120,000 lightning strikes hit in severe Australian storms

As many as 1300 people are expected to do without power in their homes for a second night after storms damaged infrastructure across South Australia.

More than 120,000 lightning strikes were recorded across the state on Friday, with as many as 14,000 an hour recorded during the evening.

The industrial town of Whyalla may not have been "wiped off the map" by the introduction of the carbon tax, as predicted by Opposition Leader Tony Abbott earlier this year, but it certainly took a battering from electrical storms, leaving more than 5000 people without power on Friday night.

Most homes have had their power restored on Saturday, but up to 300 will be without power for a second night and some may face a third night in the dark, says SA Power Networks spokesman Paul Roberts.

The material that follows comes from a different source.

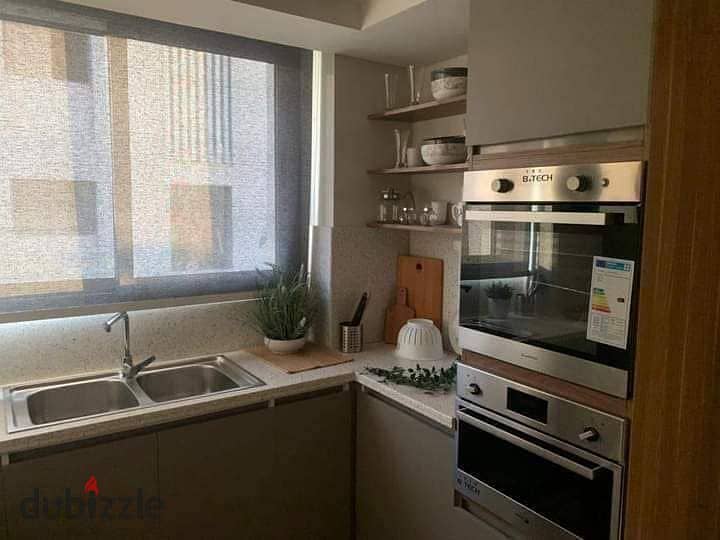 Immediately inspect and receive Apartment for sale in Sodic Villette New Cairo 6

"We've got a huge number of localised jobs which are caused by damage by trees and debris that's fallen on lines and pulled lines down," Mr Roberts told AAP on Saturday.

"We're hopeful that we can get most people back by tomorrow night but there may be a handful (without power on Sunday night)."

Up to 3000 people in the wine regions of the Barossa and Clare valleys were without power on Friday night, and 500 will remain without power on Saturday night, Mr Roberts said.

And 500 people in Port Pirie, north of Adelaide, will also remain without power overnight.

"There's a lot of damage, and in some cases you can't restore power until you've actually replaced equipment, got lines back up," Mr Roberts said.

A spokesman for the Bureau of Meteorology said while there were still lightning storms in the vicinity on Saturday, there was not as much wind or rain so there would be limited further damage.

The storm cell would also weaken overnight, he said.